Similar to the FCQs, the Craving Experience Questionnaire (CEQ) has a scale for measuring craving as a trait (entitled "frequency form) and a scale for measuring craving as a state (entitled "strength form"). The CEQ is particularly suited for assessing craving across different substances (including food) as a specific substance or food that the items refer to can be specified.

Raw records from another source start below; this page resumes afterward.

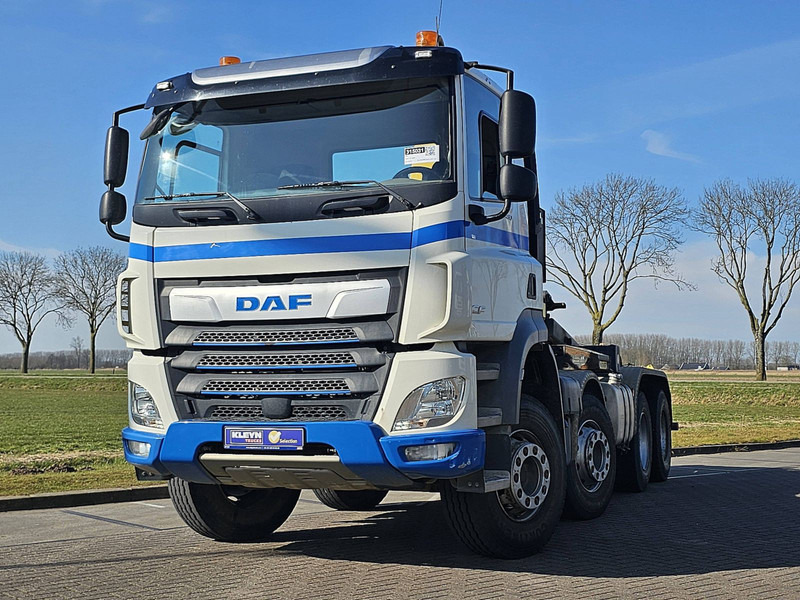 DAF CF 480 Palfinger 26 ton - Abrollkipper: das Bild 1 DAF CF 480 Palfinger 26 ton - Abrollkipper: das Bild 1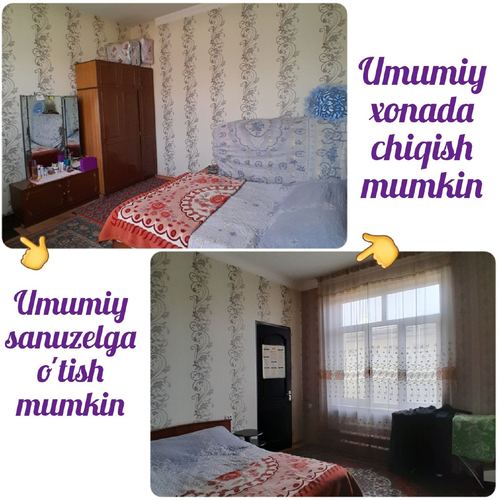 House for sale in Yunusabad district, upon entering from Zenit street, in the Yeni Hasanboy area
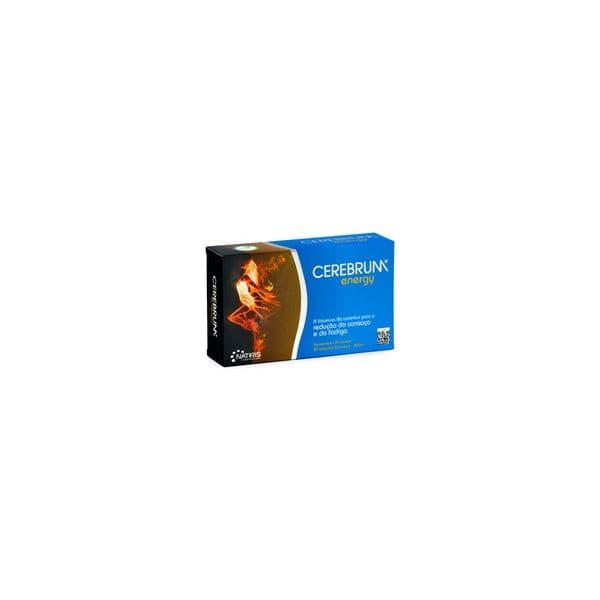 Natiris Cerebrum Energy 30 Ampolas 10ml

Development of the CEQ was based on the rationale to create a measure that purely assesses the cognitive aspects of craving experiences (i.e., craving intensity, cognitive images, and intrusive thoughts about the substance) without confounding other aspects such as consumption behavior and outcome expectancies (i.e., aspects that are included in the FCQs).

Other self-report questionnaires that were designed to specifically measure chocolate craving are the Attitudes to Chocolate Questionnaire and the Orientation to Chocolate Questionnaire.